David Tveite is a sad clown. Starting with his debut show last week, the D.C. comedian will take the stage at Bier Baron Tavern in Dupont on the fourth Wednesday of every month and spin his most depressing teenage tunes during a live podcast, “Sadness Town.” Songs range from Linkin Park’s “Crawling in My Skin” to Scatman John’s ubiquitous sixth-grade mixer hit, “Scatman’s World,” and each middle-school jam precedes loads of sarcastic quips from Tveite and a special guest.
“They say to do what you know,” says Tveite, 26, whose teenage years spanned 9/11, the release of Playstation 2, and the glory days of Napster. “I know terrible music from the early 2000s—and embarrassment.”
A typical episode goes like this: After teasing his audience with a playlist of nu-metal and pop-slop, Tveite rushes the stage and plays some terrible single that probably once shared airplay with a hit single by Sugar Ray. After reading a credo that reinforces the central idea of the show—“You were not cool in high school”—Tveite introduces a special guest, who comes equipped with her or his own teenage playlist to play. In between songs, Tveite and his guest host wax nostalgic on the songs they loved, the people they hated, and the memories that linger. Also, there are dick jokes. Lots and lots of dick jokes.
Tveite got the idea for the podcast after moping his way through a tough time. “I was really fucking sad, September through December of last year,” he says. To cheer himself up, he filled a Spotify playlist with the hormone-fueled singles of his youth and named the amalgam “Sadness Town.” In the darkest days of his gloom, Tveite lived in a cocoon of My Chemical Romance, Blink-182, and Evanescence. To his surprise, even the songs that critics lambasted (or didn’t give a second look) still held some of the same emotional power as they did when he was a teen. “I was kind of amazed how [many] of them had some juice,” he says.
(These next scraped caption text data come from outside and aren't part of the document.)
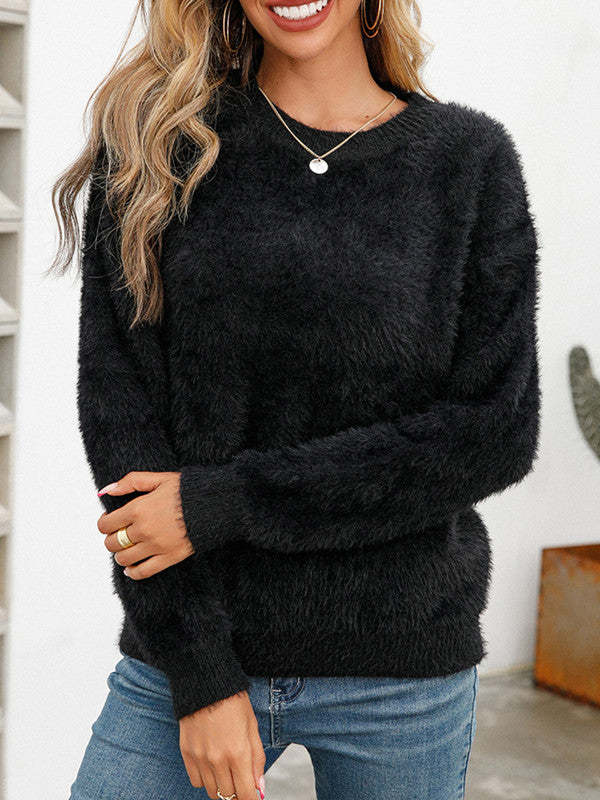 Pullover Solid Color Long Sleeve Knit Sweater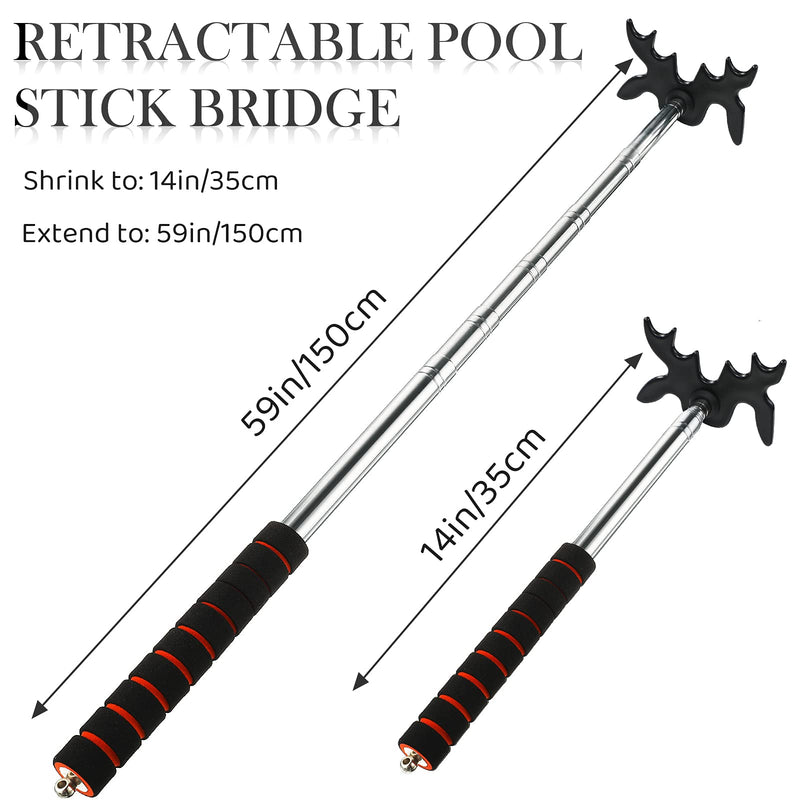 [Australia - AusPower] - Skylety Retractable Billiard Cue Stick Bridge with Bridge Head, Billiard Pool Cue Accessory for Pool Table, Plastic Bridge Head 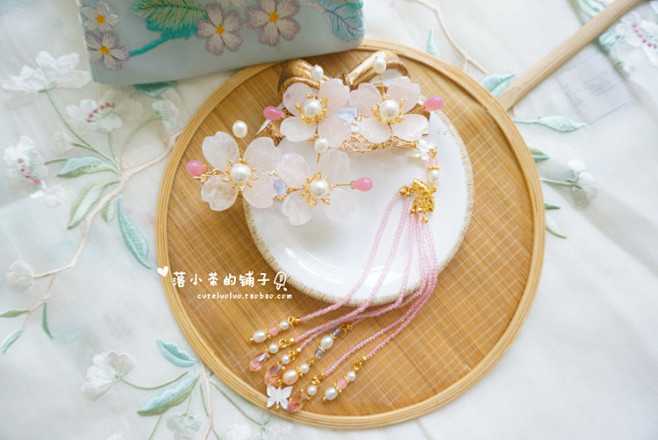 落小茶的铺子<芷樱> 二版 原创粉晶花瓣...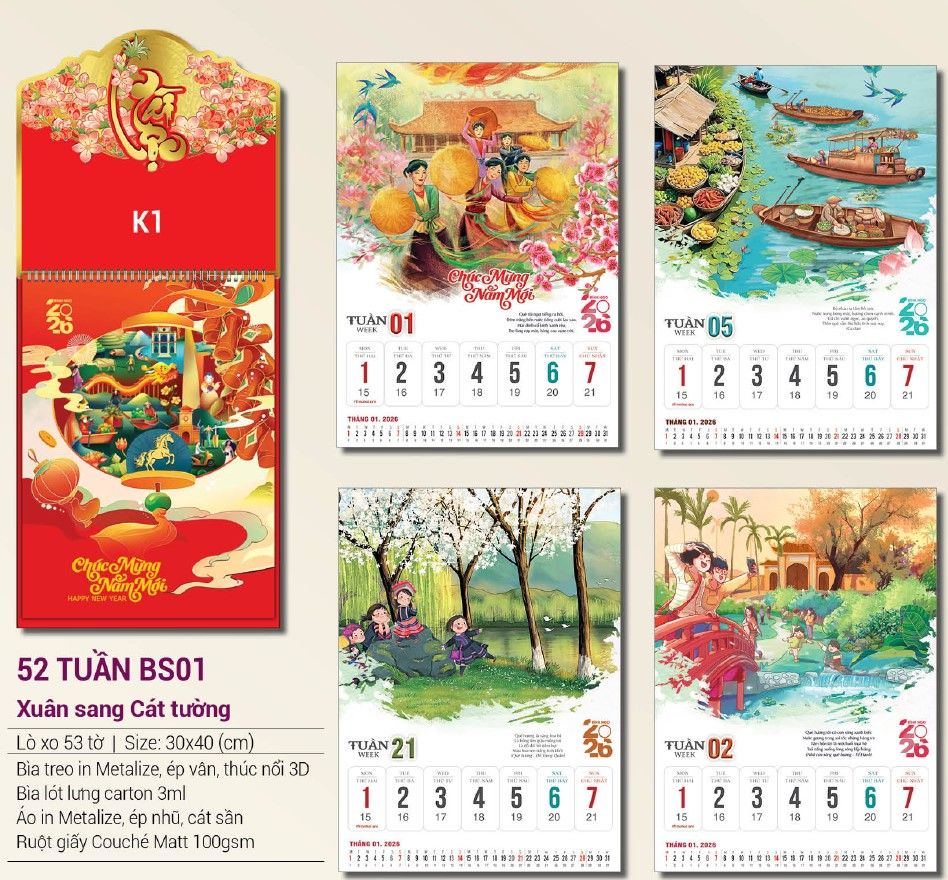 mẫu lịch 52 tuần đẹp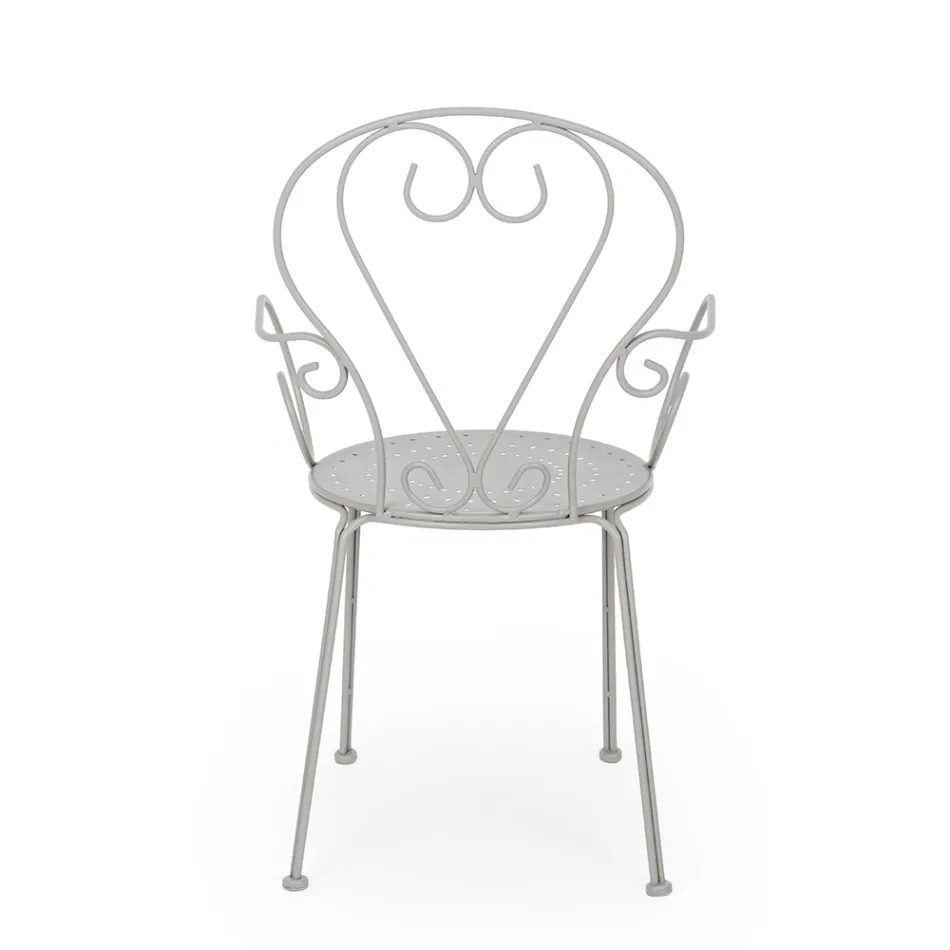 Silla de Jardín con Reposabrazos Diseño Shabby Chic en Acero - Enchantment Viadurini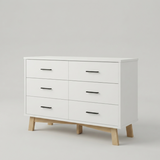 White 6-drawer dresser, angled studio shot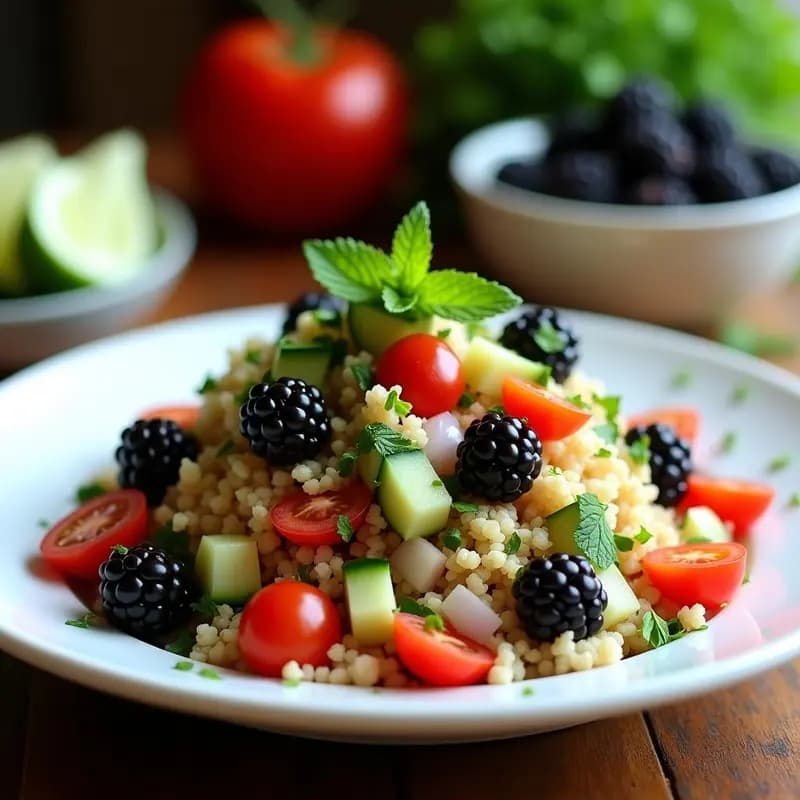 Tabbouleh de bulgur y zarzamora en un plato blanco hondo, con zarzamoras enteras y trozos de pepino, tomate y hierbas frescas. Ensalada libanesa con toque dulce y ácido, lista para servir.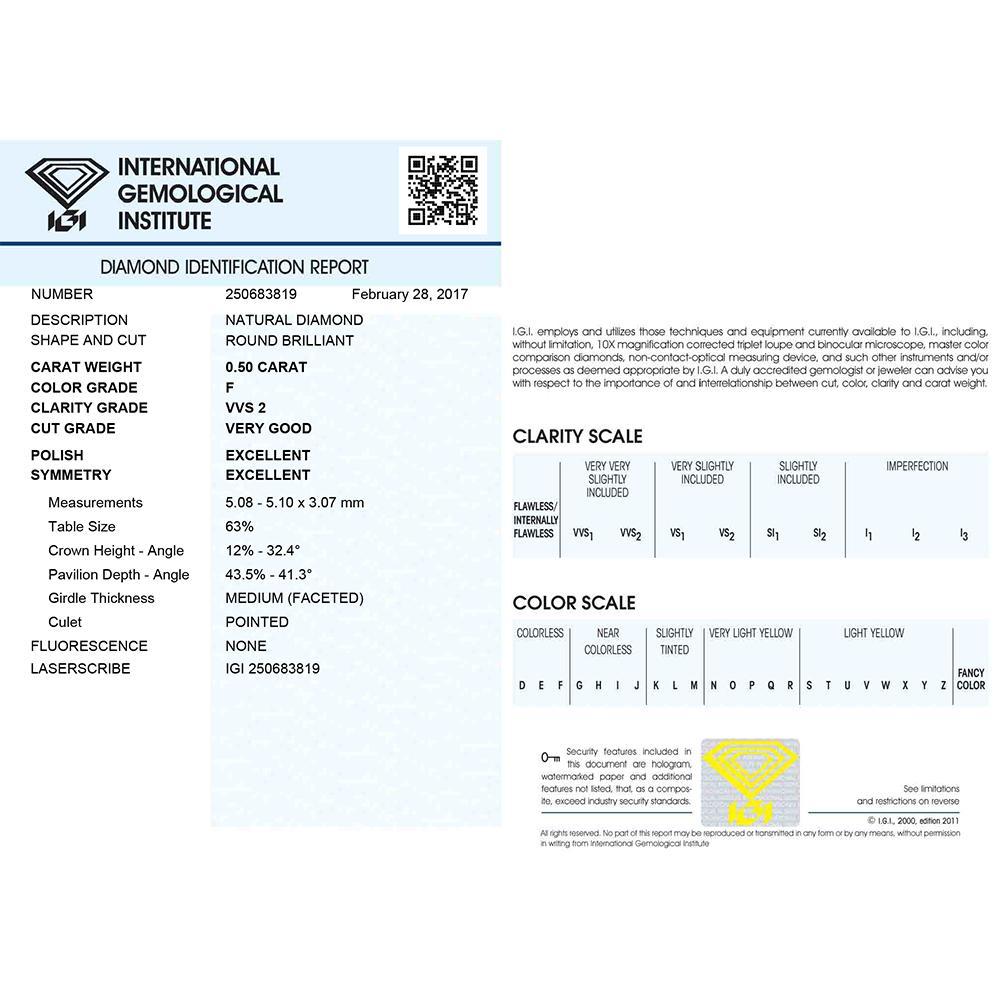 Investment Diamond in Blister Pack with IGI Certificate Brilliant Cut Carats 0.50 F VVS 2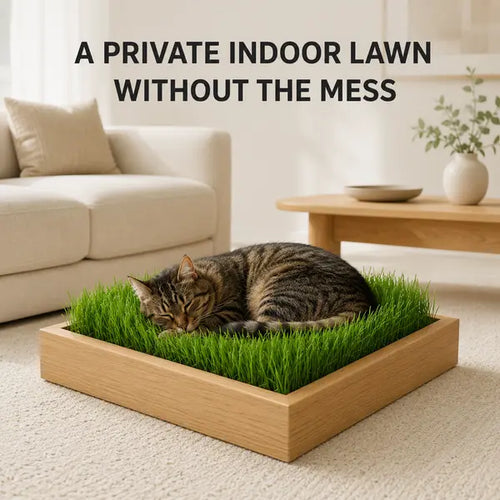 Indoor Grass Oasis Wooden Pet Bed with 20 Full-Size Washable Grass Mats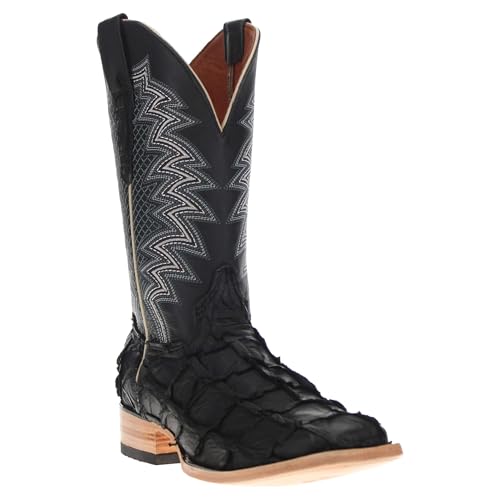 Image of Vaccari Men's Dylan Genuine Pirarucu Fish Leather Broad Square Toe Cowboy Boots
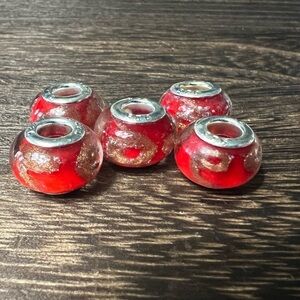 Red Acrylic Gold Sparkle Bracelet Charms 925 Set of 5 B28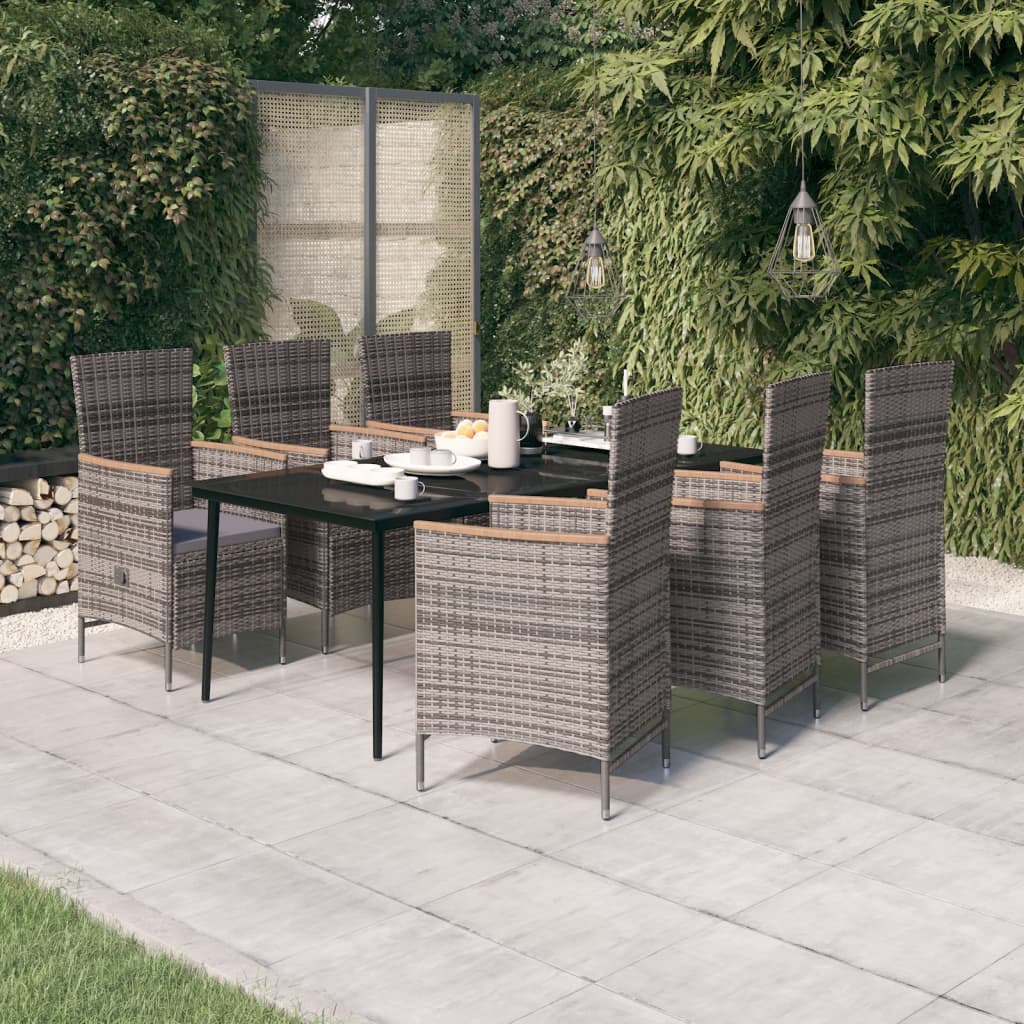 vidaXL 3-delige Tuinset met kussens zwart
Songs like Nickelback’s “Hero,” fresh from the Spiderman soundtrack, and Linkin Park’s “Crawling” might make you want to poke out your eardrums, but for some millennials, they conjure deep, rich memories from formative times. And like it or not, this kind of reminiscence is hot right now: Look no further than Kyle Mooney’s awkward, lo-fi SNL videos or basically any episode of Portlandia. So it’s no surprise that, when Tveite screams song lyrics in the style of Chester Bennington, he really feels it—and his audience does, too. “I’m trying to make a show about all this shit that we felt very strongly about when we were idiots,” says Tveite.
Though he could have recorded the podcast from his living room, Tveite felt that having an audience present would force him to be wittier. Plus, there are plenty of stories to share—we all come with musical baggage from our own shameful childhoods. “I want to have a communal experience,” he says. “I want it to be a thing that people can get emotionally involved in.”